Bei der Wirtschaftsabteilung der Kölner Staatsanwaltschaft laufen bundesweit überwiegend die Ermittlungen in dem Riesenkomplex „Cum-Ex“ zusammen. Das liegt daran, dass man für das Bonner Bundeszentralamt für Steuern zuständig ist. Von dieser Behörde ließen sich die kriminellen Akteure die Kapitalertragsteuern erstatten, die sie zuvor nie gezahlt hatten. Die Cum-Ex-Hochphase lag zwischen 2005 und 2011. Erst dann stopfte der Gesetzgeber das Schlupfloch.

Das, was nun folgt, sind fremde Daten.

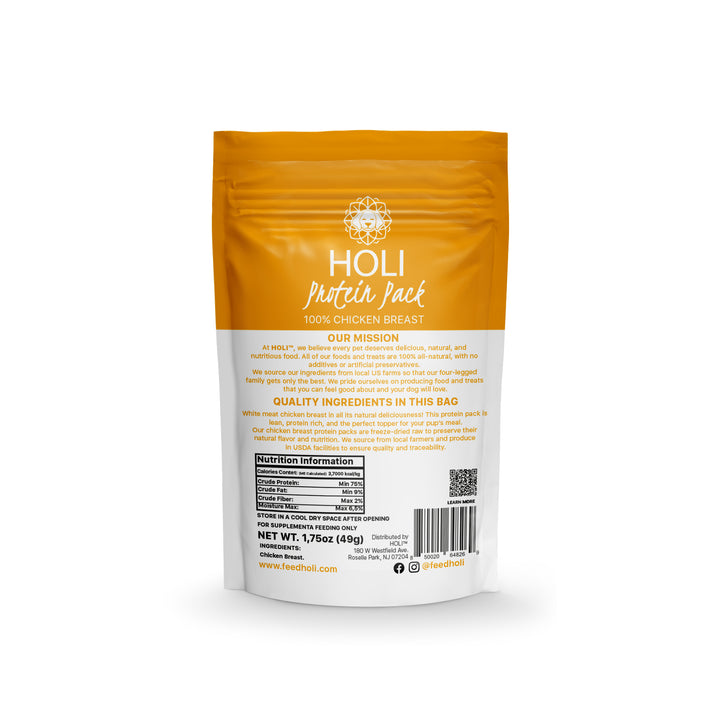 Dog Food Topper Variety Pack - Classic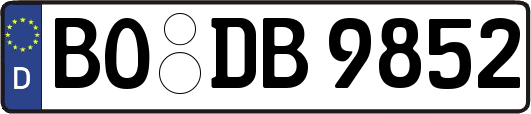 BO-DB9852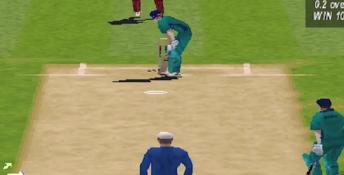 Brian Lara Cricket Playstation Screenshot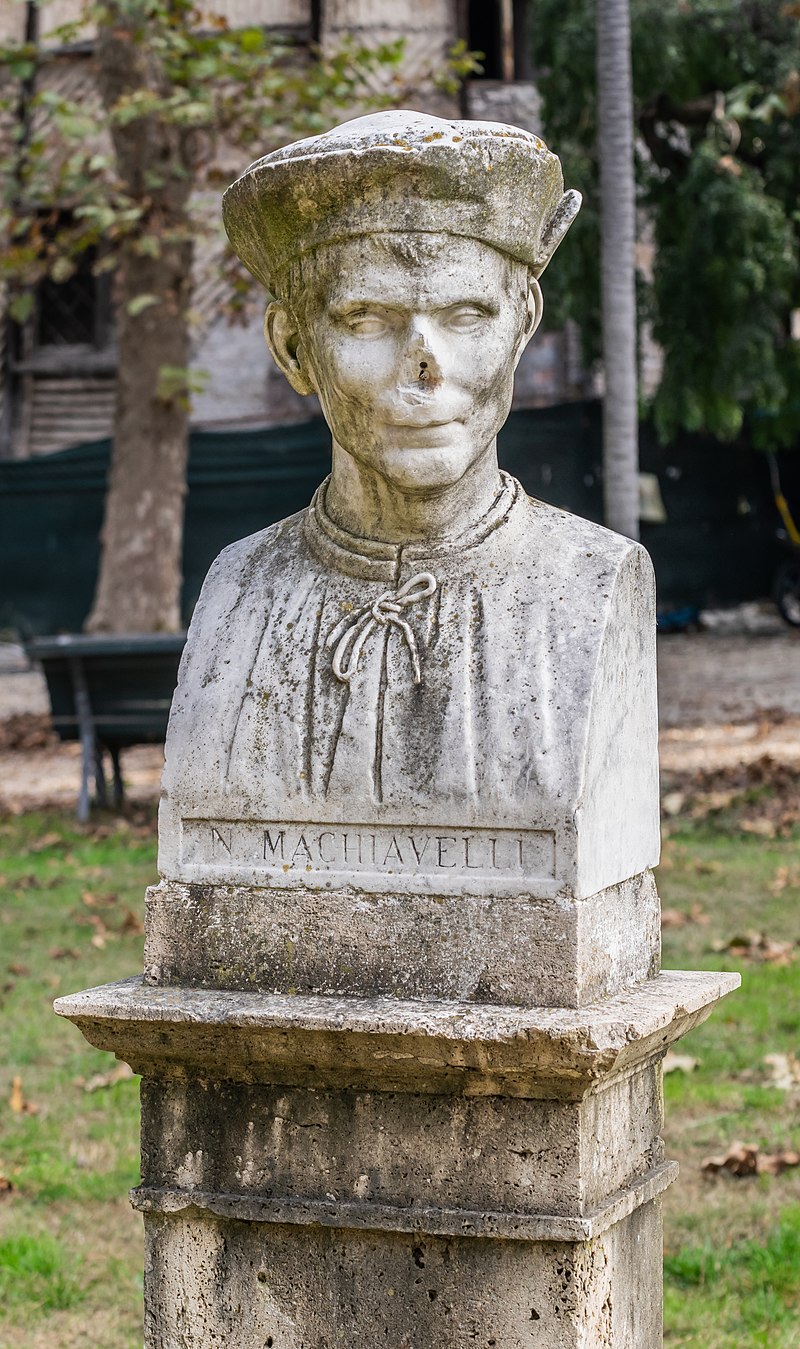 File:Bust of Niccolò Machiavelli.jpg - Wikimedia Commons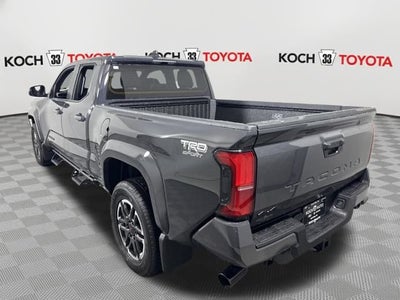 2026 Toyota Tacoma TRD Sport Long Bed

Inzwischen spricht die rheinische Justiz vom größten „Steuerraub der Geschichte“. Gerade in der Phase der Finanzkrise 2008/09 seien die Cum-Ex-Geschäfte „der einzige Cash-Bringer für die Investment-Banken gewesen“, erklärt Torsten Elschenbroich, Leiter der Schwerpunktwirtschaftsabteilungen bei der Kölner Staatsanwaltschaft.

Das letzte Wort soll in Karlsruhe fallen

68 Ermittlungskomplexe führen die zehn Strafverfolger seiner Cum-Ex-Einheit mit insgesamt 880 Beschuldigten. Es geht um einen Steuerschaden in Milliardenhöhe. Hinzu kommen noch die horrenden Geldstrafen im Fall von Schuldsprüchen. So hat das Landgericht Bonn in seinem ersten Urteil im Cum-Ex-Komplex verfügt, bei der beteiligten Warburg Bank 176 Millionen Euro einzuziehen. Die Hanseaten haben dagegen Rechtsmittel beim Bundesgerichtshof eingelegt.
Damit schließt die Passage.